=== EXERCISE DATA ===
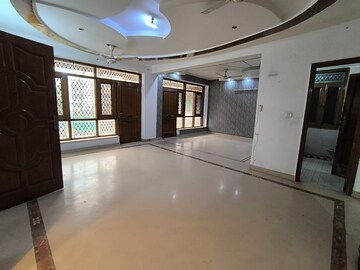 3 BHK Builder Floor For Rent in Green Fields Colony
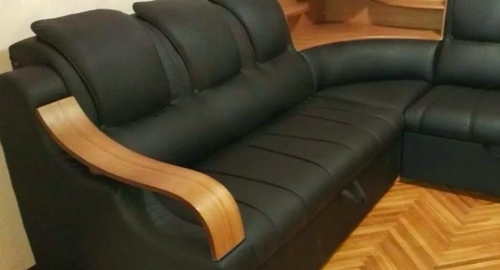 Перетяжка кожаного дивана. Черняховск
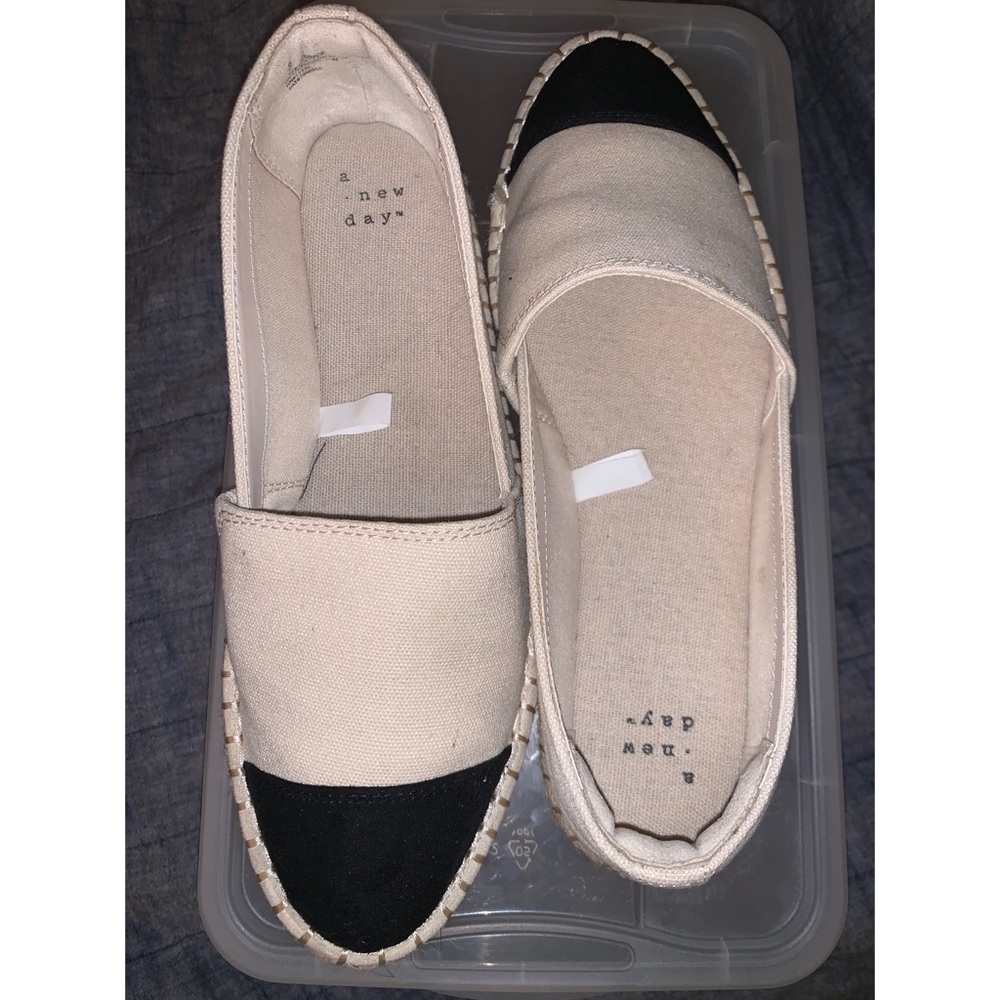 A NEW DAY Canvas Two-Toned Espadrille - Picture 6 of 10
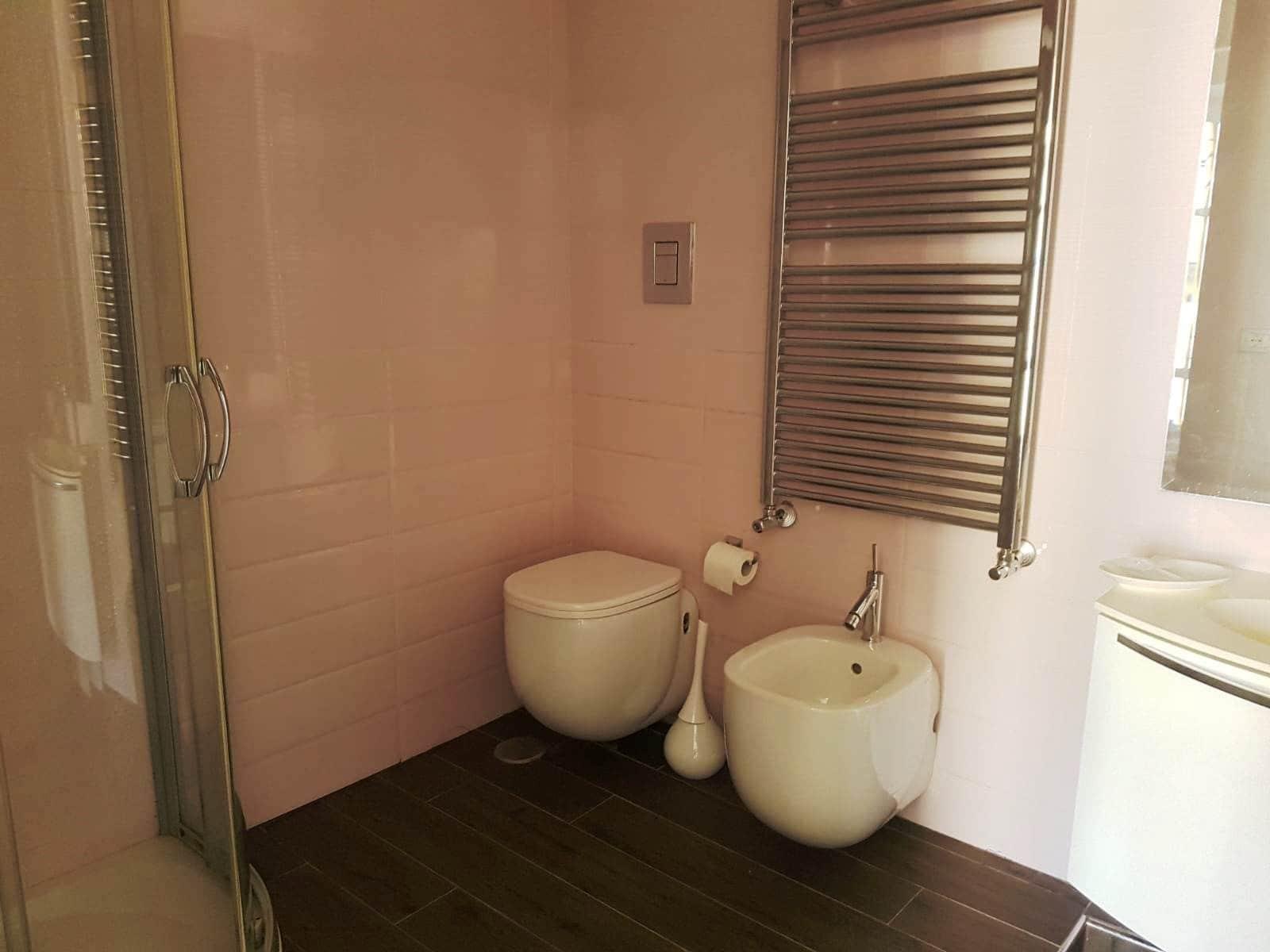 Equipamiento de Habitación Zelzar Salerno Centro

...

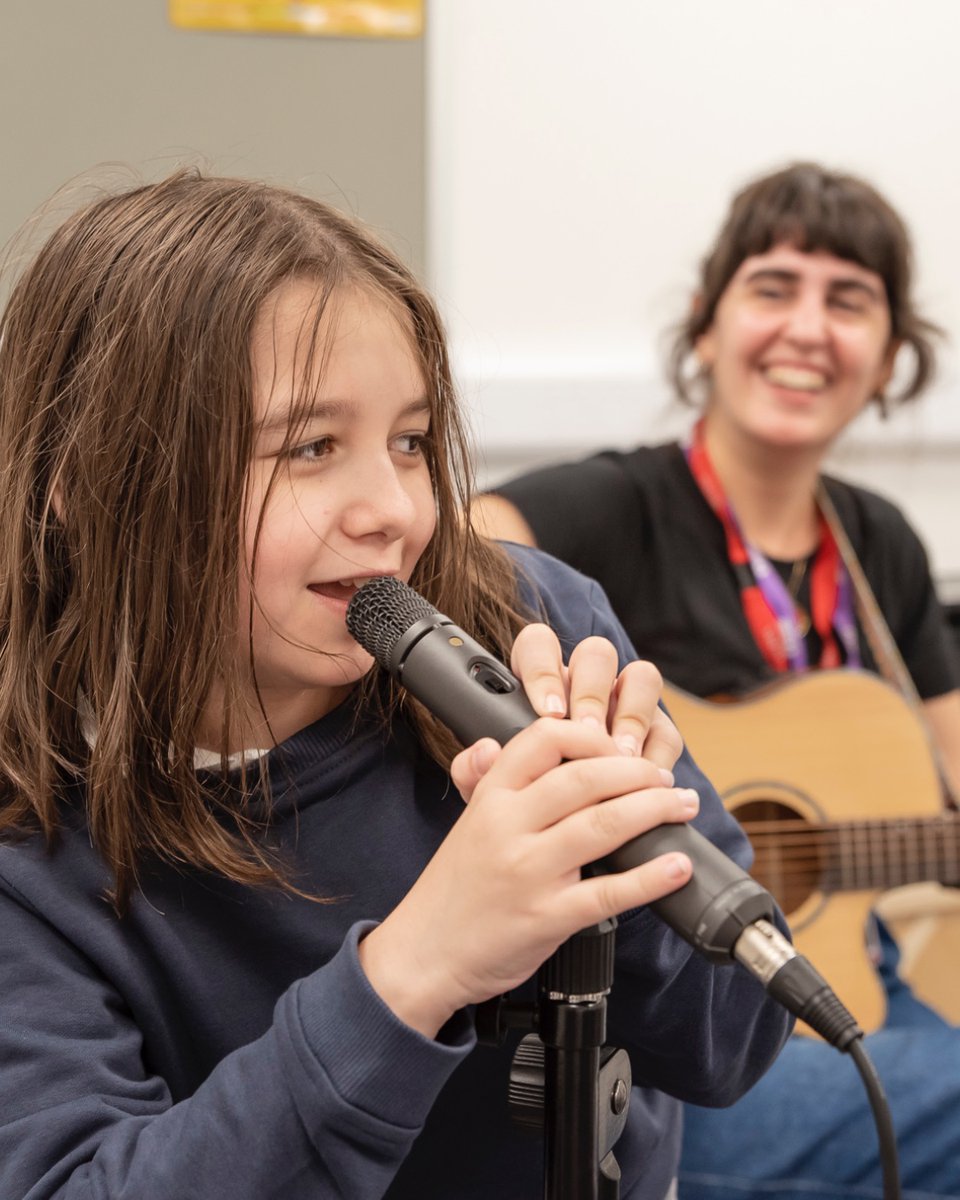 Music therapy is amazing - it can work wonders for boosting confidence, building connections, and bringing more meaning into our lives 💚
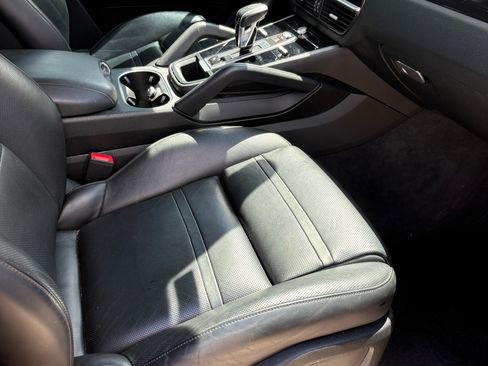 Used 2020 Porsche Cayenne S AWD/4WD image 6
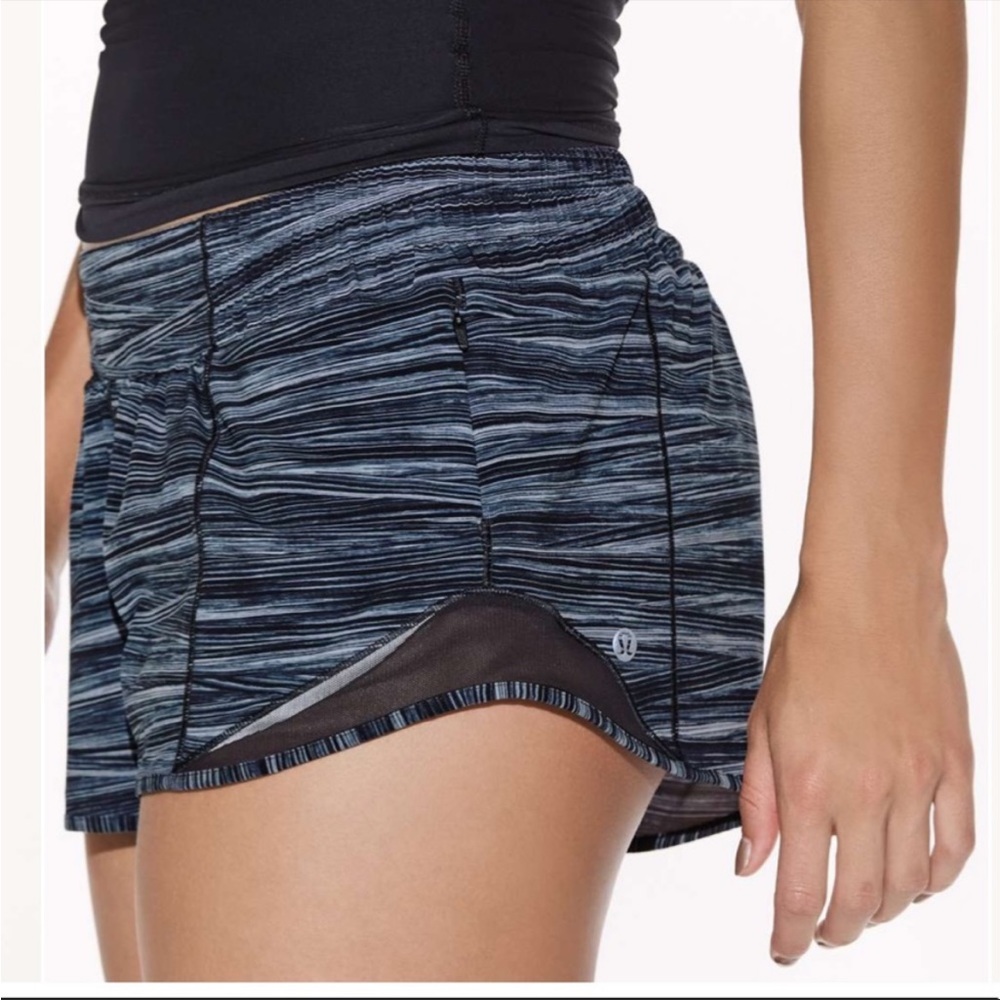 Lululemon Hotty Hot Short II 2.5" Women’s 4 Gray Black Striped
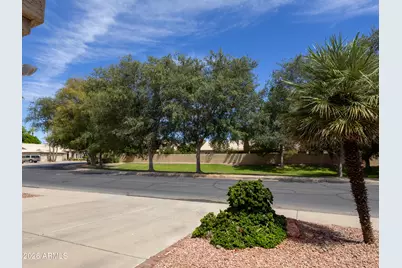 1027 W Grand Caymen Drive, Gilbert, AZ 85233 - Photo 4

=== PROBLEM REQUIREMENTS ===
The lines above from the line with "3 BHK Builder" through the line with "Equipamiento de Habitación" are to be given again word for word, with no pictures among them.

=== FINAL ANSWER ===
 3 BHK Builder Floor For Rent in Green Fields Colony
 Перетяжка кожаного дивана. Черняховск
 A NEW DAY Canvas Two-Toned Espadrille - Picture 6 of 10
 Equipamiento de Habitación Zelzar Salerno Centro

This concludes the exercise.